12. The outboard motor according to claim 11, wherein the rotary electric machine controller is configured or programmed to perform the assist control while supplying the three-phase alternating current power including a second conduction period of not more than about 120 electrical degrees to the rotary electric machine in a state in which the crankshaft is rotated at the rotation speed less than a second rotation speed within the cranking rotation speed range, and is configured or programmed to perform the assist control while supplying the three-phase alternating current power including the first conduction period to the rotary electric machine in a state in which the crankshaft is rotated at the rotation speed not less than the second rotation speed within the cranking rotation speed range.

13. The outboard motor according to claim 1, wherein the rotary electric machine controller is configured or programmed to, in a state in which the crankshaft is rotated at the rotation speed larger than the cranking rotation speed range, stop the power running rotation speed range expansion control and perform power generation control.

14. The outboard motor according to claim 1, further comprising a rotation angle acquirer that acquires a rotation angle of the rotary electric machine.

15. The outboard motor according to claim 1, wherein the rotary electric machine controller is configured or programmed to, after the rotation speed of the crankshaft exceeds a rotation speed of the rope reel, continue to perform the power running rotation speed range expansion control and perform control of supplying electric power from a battery to the rotary electric machine to rotate the crankshaft.

16. The outboard motor according to claim 1, wherein

the engine includes a fuel injector and an igniter; and

the rotary electric machine controller is configured or programmed to, at least until fuel injection by the fuel injector is completed and initial ignition by the igniter is completed, continue to perform the power running rotation speed range expansion control and perform control of supplying electric power from a battery to the rotary electric machine in the state in which the crankshaft is rotated at the rotation speed within the cranking rotation speed range.
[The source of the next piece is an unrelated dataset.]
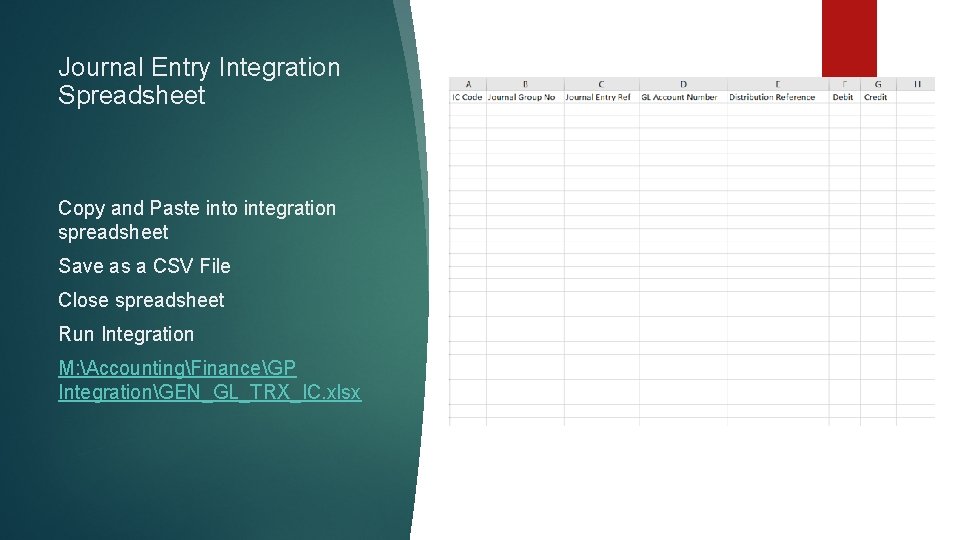 Journal Entry Integration Spreadsheet Copy and Paste into integration spreadsheet Save as a CSV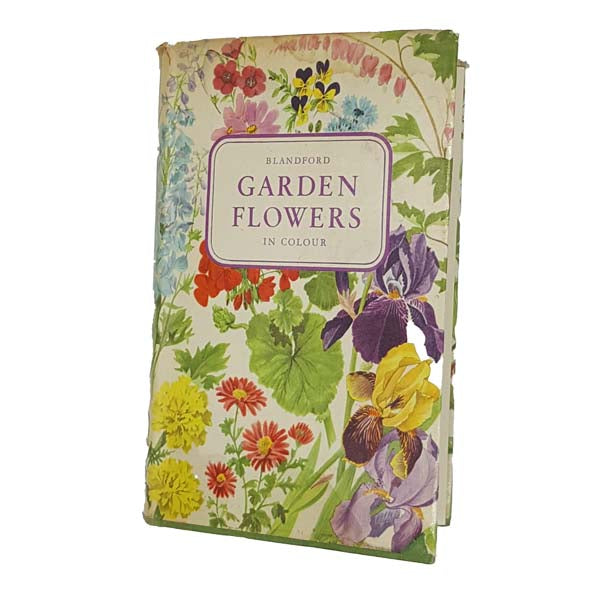 Garden Flowers in Colour by Eigil Kiaer - Blandford 1960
17. The outboard motor according to claim 1, wherein the rotary electric machine includes a rotor directly connected to the crankshaft and a stator that faces the rotor in a radial direction of the crankshaft.

18. The outboard motor according to claim 1, further comprising a battery disposed in an outboard motor body, that supplies electric power to the rotary electric machine, and to which the electric power is returned from the rotary electric machine.

19. An engine starter comprising:

a manual starter connected to a crankshaft of an engine that starts when the crankshaft is rotated at a cranking rotation speed or higher and that manually rotates the crankshaft;

a rotary electric machine connected to the crankshaft; and

a rotary electric machine controller configured or programmed to control the rotary electric machine; wherein

the rotary electric machine controller is configured or programmed to, in a state in which the crankshaft is rotated at a rotation speed within a cranking rotation speed range including the cranking rotation speed by the manual starter, perform assist control of assisting rotation of the crankshaft by the rotary electric machine and perform power running rotation speed range expansion control of expanding a power running rotation speed range of the rotary electric machine.

20. An engine starting method for an engine that starts when a crankshaft is rotated at a cranking rotation speed or higher, the method comprising:

rotating the crankshaft by a manual starter connected to the crankshaft; and

performing assist control of assisting rotation of the crankshaft by a rotary electric machine connected to the crankshaft and performing power running rotation speed range expansion control of expanding a power running rotation speed range of the rotary electric machine in a state in which the crankshaft is rotated by the manual starter at a rotation speed within a cranking rotation speed range including the cranking rotation speed.